Not that age should effect energy. Entering the stage with one of his backing vocalists guiding him into the audience’s view, the roars of applause for Stevie Wonder spread across the royal park like a never-ending Mexican Wave. But before he begins his FOUR HOUR set, Stevie takes to the mic to address to crowd: “In this troubled time that we’re living in I want to say that I love you all. I was blessed to be born blind so I can show you everything that you have…”

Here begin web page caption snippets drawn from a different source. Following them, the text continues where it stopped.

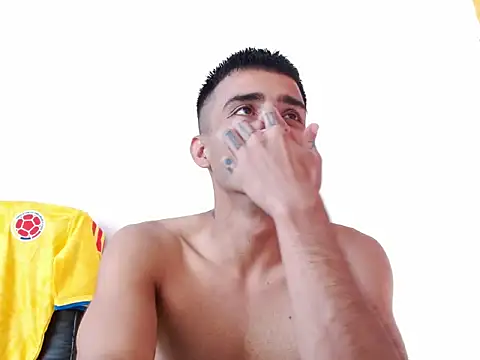 Bad Boy Carter69 online show from March 28, 1:22 pm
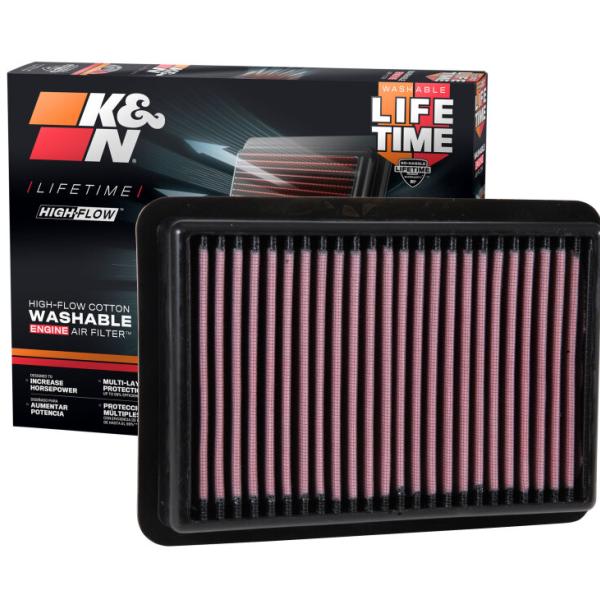 KN Drop in Air Filters K&N Engineering 33-5070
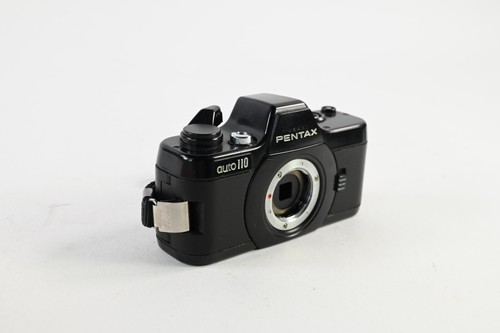 Pentax auto 110 fotocamera - pentax,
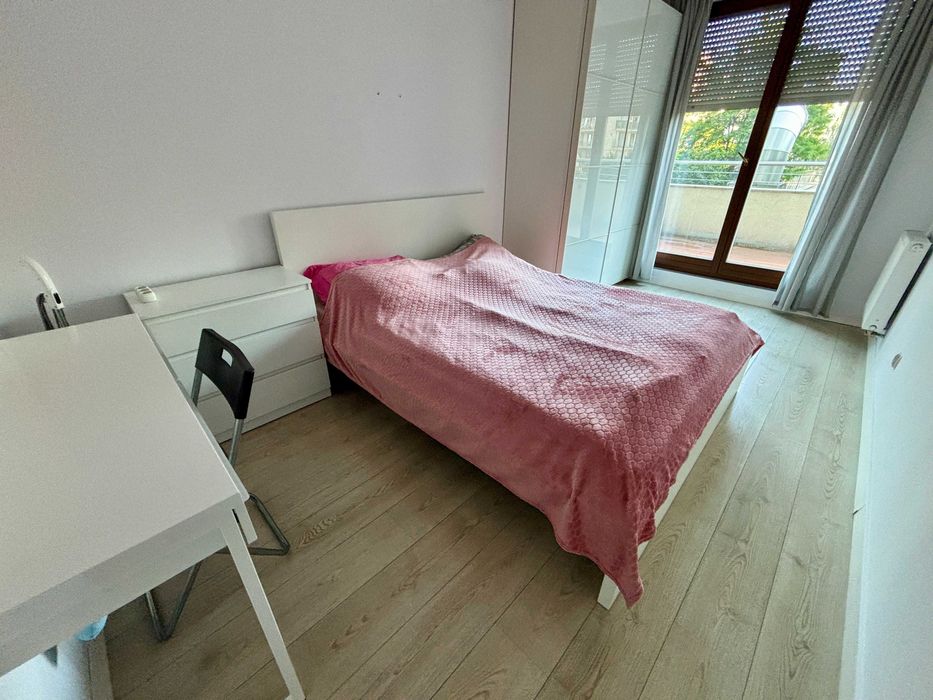 Belveder Park, Krzyki, 50 m² z dużym tarasem - More
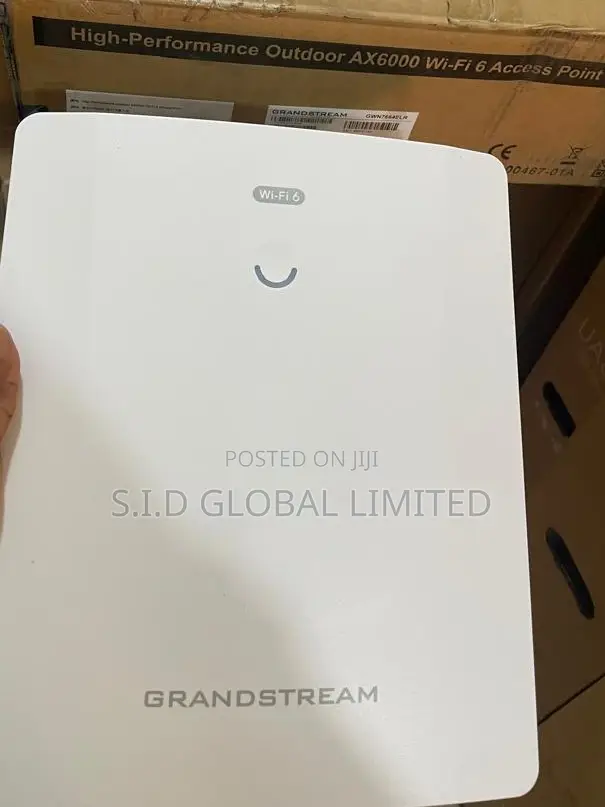 Extend Your Network Up to 1,000 Feet Outdoors With Grandstream Ax6000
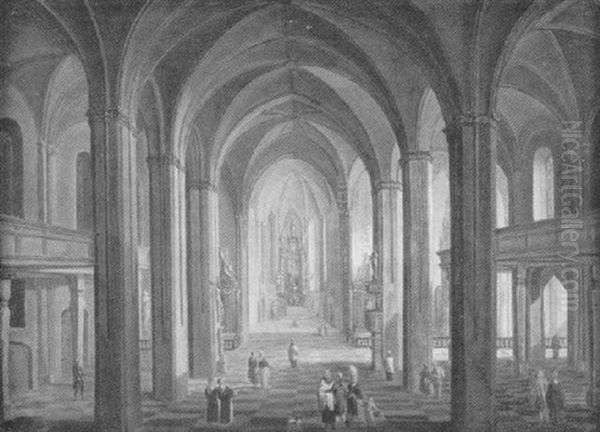Kircheninterieur
Kircheninterieur - view 1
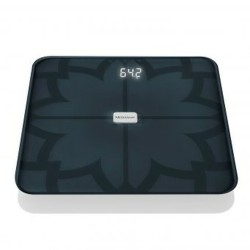 Digital Bathroom Scales Medisana BS 450 Black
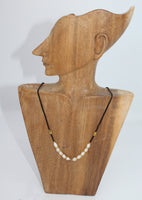 Necklace with Pearls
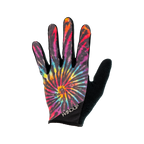 Handup Gloves - Reverse Tie Dye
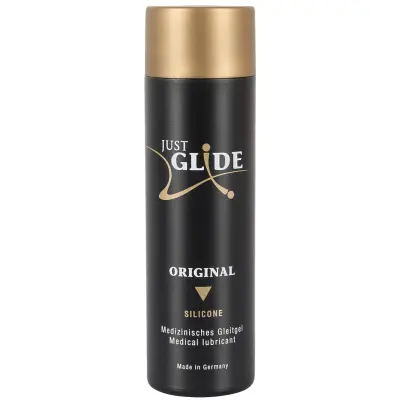 Just Glide: Premium Silicone, 200 ml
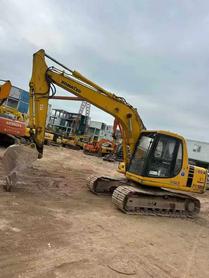 Buy Komatsu PC120-6 Used Excavator / 3 Used Komatsu PC120-6 Excavator 2016 Model / 3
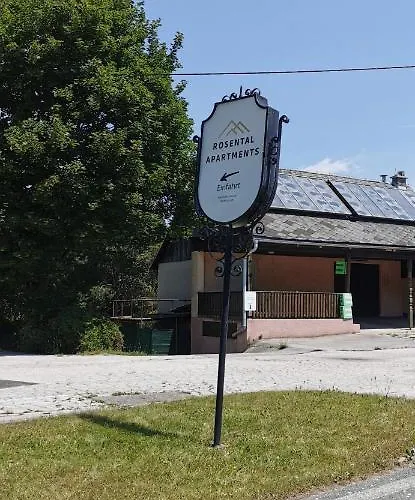 Pensionat Rosental Self Check-in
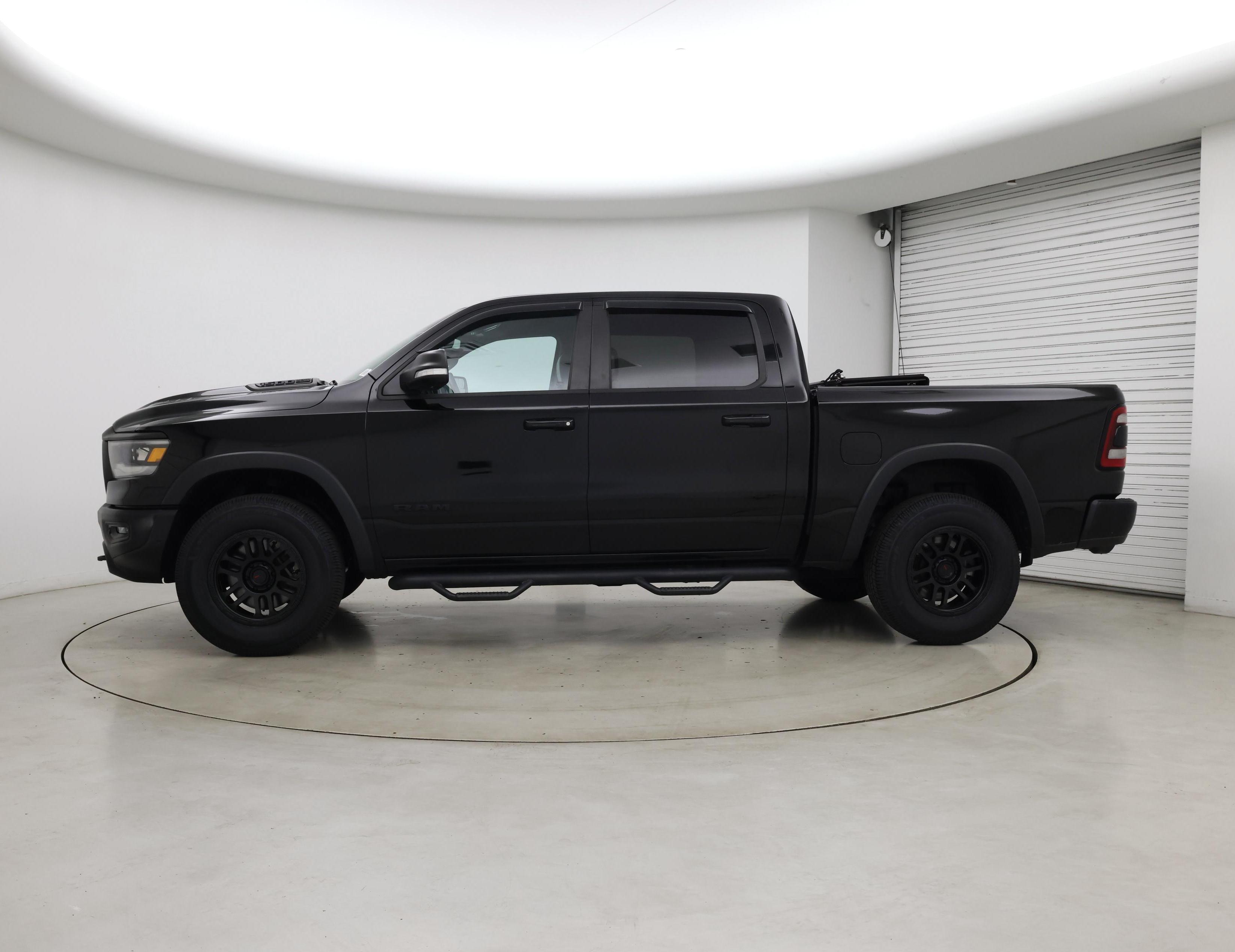 Thumbnail: 2021 RAM 1500 - 3
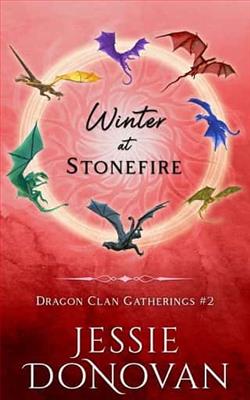 Winter at Stonefire by Jessie Donovan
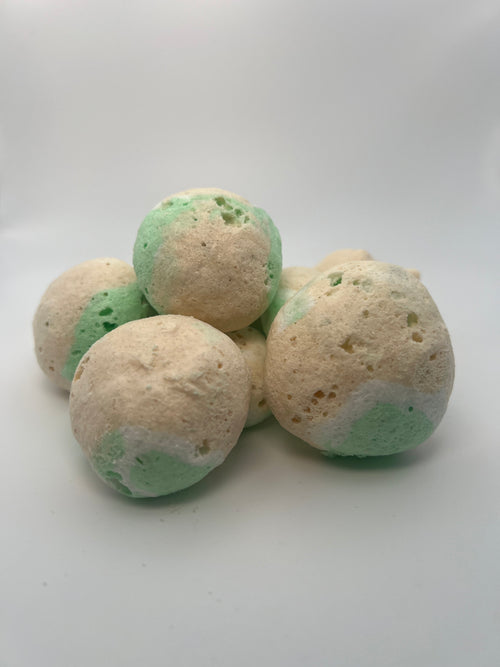 Apple Pie Crunch Puffs – Freeze-Dried Candy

It’s a powerful opening, but Songs In The Key Of Life is a powerful journey through issues that are just as relevant as when it was released 40 years ago. Playing an album in full is a risky move in itself (a track list is a very different energy to a set list) and a double album even more so: Seeing Michelangelo carve David’s face or his bits and pieces might be entertaining in between a few favourite bits from the Sistine Chapel ceiling, but to see it through from start to finish wouldn’t be quite as gripping.
‘Love’s In Need Of Love Today’, ‘Have A Talk With God’ and ‘Village Ghetto Land’ switch from gospel to R’n’B to orchestration, with the awe of his vocal and the band’s (including a string section) ability to recreate the album an incredible start, while ‘Sir Duke’ and ‘I Wish’ are the hits those who didn’t do their research require. The downside, however, comes when the tracks are extended, turning a double album into a quadruple-length collection. A section that sees his array of backing vocalists taking a turn in the spotlight is slightly more un-welcomed – nobody wants to speak to the man who washed Michelangelo’s tools.
Thankfully, Wonder’s between track speeches bring the audience back on side, with a cockney impression given an airing a fair few times. And if they needed a reason to love him even more, the tears that stream down his face during ‘Joy Inside My Tears’ do just that. “We did it!” he declares as the Songs In The Key Of Life section comes to an end, before announcing to the audience that he is no longer Stevie Wonder and should be referred to as DJ Tik Tik Boom (who DJs, focusing on Prince numbers).
With just 20 minutes left, ‘Superstition’ and a couple of other snippets are brought out of the bag, and with that his first UK, non-festival gig in a good few years come to a close. It may have not have been the Greatest Hits show some had assumed it would be, but it wasn’t any old gig either; this was a masterclass, a lesson in life and a piece of history relived, all rolled into one.